Con todo, lo principal reside en sus argumentos. Mientras moros y cristianos repiten con fervor que sólo motivos sanitarios justificarían un cambio en el cronograma (como si la medida debiera ser adoptada por un panel de expertos), el constitucionalista subraya la dimensión política del asunto. Mal que nos pese, es muy difícil imaginar una consulta popular digna de ese nombre en medio de un estado de excepción, que limita severamente las libertades públicas. Todo esto se vuelve aún más acuciante si recordamos lo que está en juego en el plebiscito, y cuán indiscutida debe ser su legitimidad.

En rigor, ninguna dimensión de la disputa constitucional admite soluciones meramente técnicas. Es lo que olvidan quienes desean modificar el itinerario sólo a partir de la (innegable) tragedia económica en curso —ni las elecciones ni la libertad política se suspenden por crisis económicas—; y es lo que olvidan también, paradójicamente, varias de las propuestas que buscan mantener intacto el calendario. Después de todo, ¿qué legitimidad tendría en nuestro país un plebiscito con campañas enrarecidas, con un improvisado sufragio electrónico o por correo, y con una posible baja participación ciudadana? ¿No podría eso agravar nuestros problemas? 

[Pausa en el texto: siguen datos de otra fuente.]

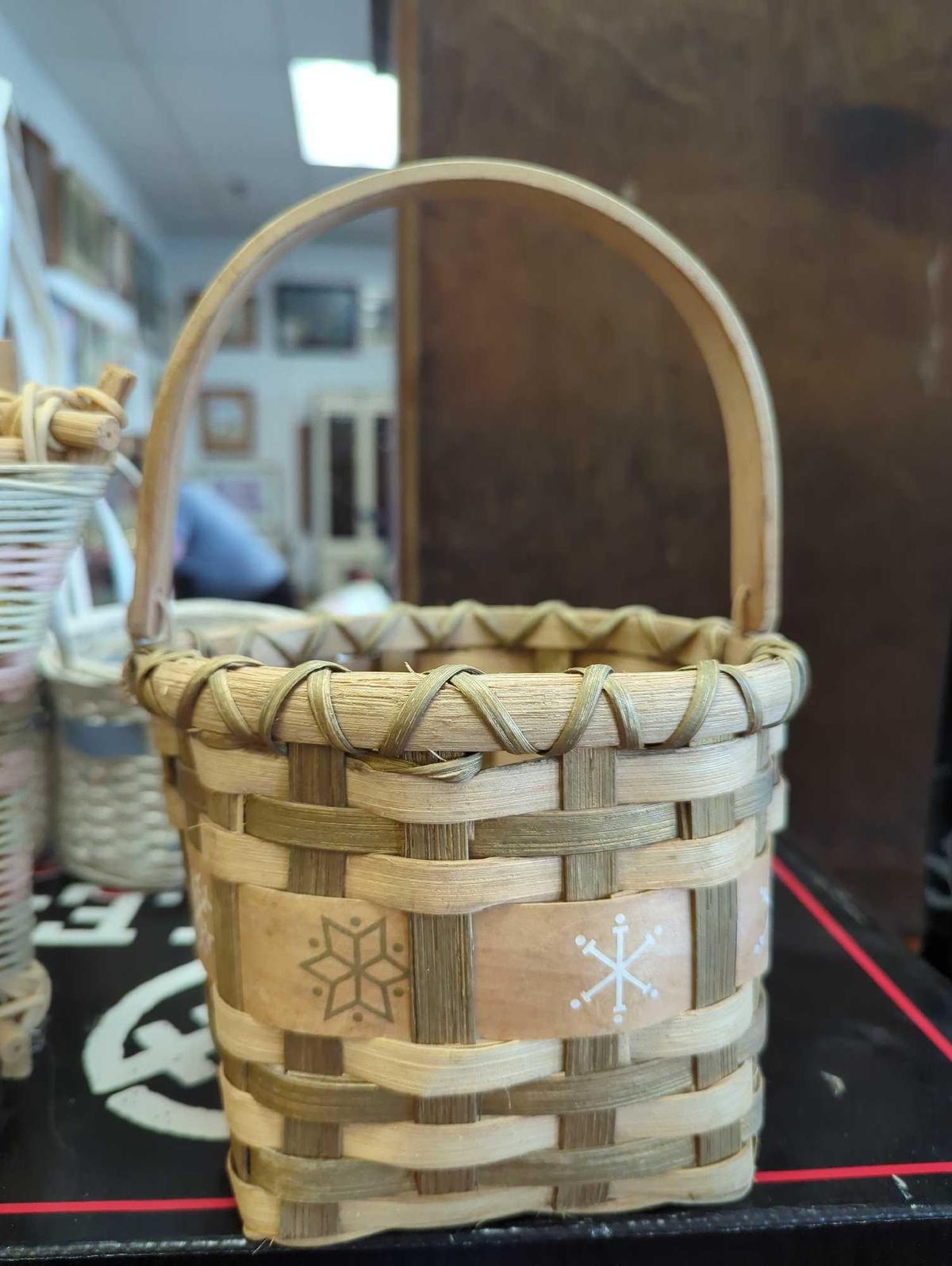 Lot of Assorted Baskets To Include, Double Basket Woven With One Handle Hand Painted White and Blue,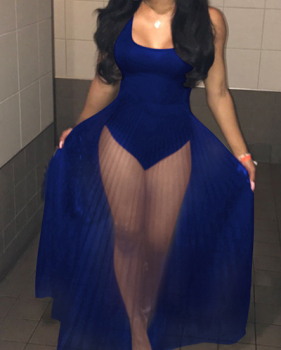 Sexy Round Neck See-Through Royalblue Cotton One-piece Jumpsuits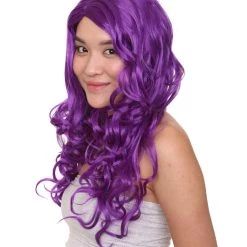 HPO Long Curly Purple Womens Wig | Stage Event Party Ready Colorful Wig | Premium Breathable Capless Cap Men's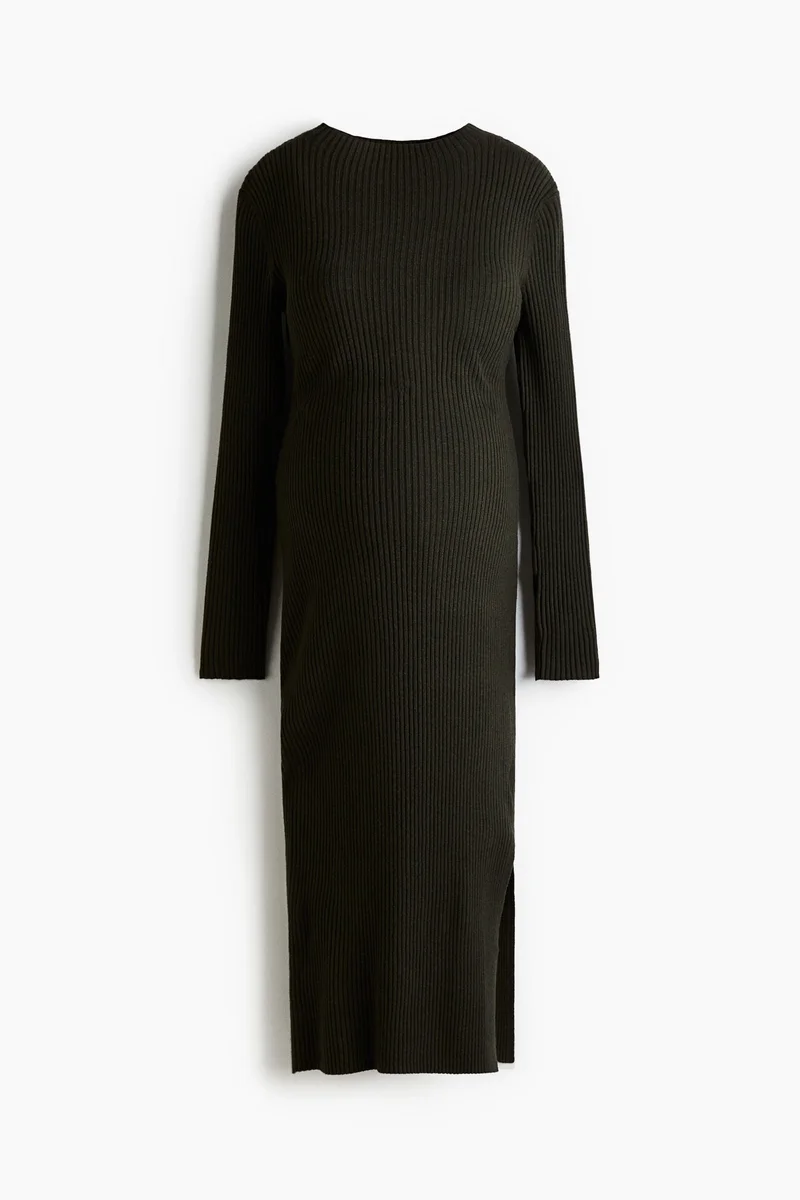 H&M MAMA Rib-knit turtleneck dress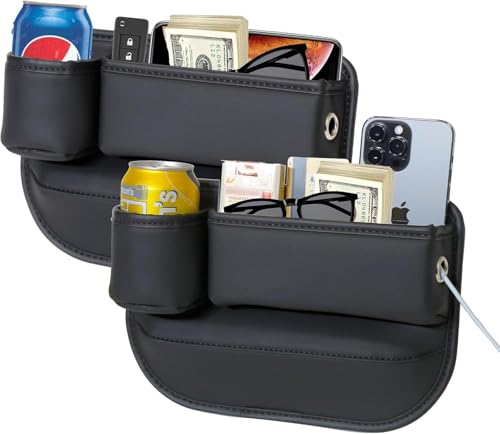 Anti-Drop Car Seat Gap Filler Organizer, Premium Leather Console Organizer, Easy Access to Phone/Keys, Universal Fit for Car SUV Truck Multi-Purpose Essentials Organizer(2PC) - color: black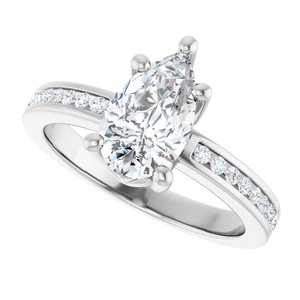 10K White Gold 10x6 mm Pear Ring Mounting – image 8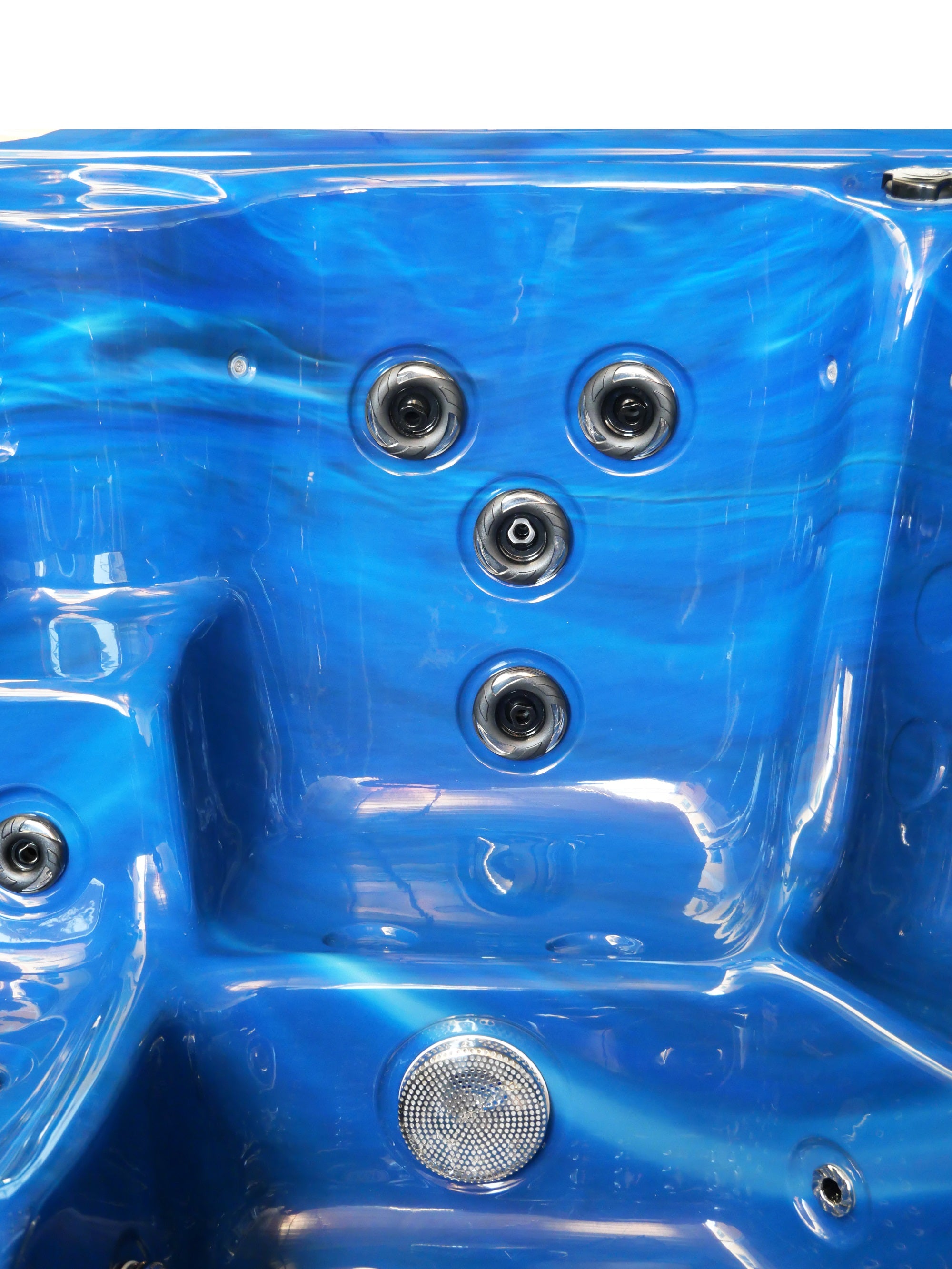 Bañera de hidromasaje exterior OASIS Maxi BLUE MARBLE con peldaños y cubierta 210x210x95 cm resistente a las heladas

La pregunta obvia es qué hacer, considerando que el plebiscito demanda las máximas garantías, y que cualquier alteración en las fechas necesita la venia de todos los firmantes del acuerdo del 15 de noviembre. Aquí precisamente comienza a gestarse la respuesta. Una nueva postergación requiere incluso más generosidad y espíritu republicano que los observados en esa madrugada, en la medida en que supondría una reestructuración del ciclo electoral completo. Y si esto ocurre, tal vez lo mejor sea optar por aquello que a primera vista perjudica a todos los sectores: unir el plebiscito de entrada con las elecciones parlamentarias y presidenciales del próximo año. La cátedra dicta otra cosa, pero quizá sea la única manera de asegurar tanto el amplio debate como la masiva participación que exige esta coyuntura. A fin de cuentas, se trata de aprobar o rechazar una nueva ley fundamental de la república.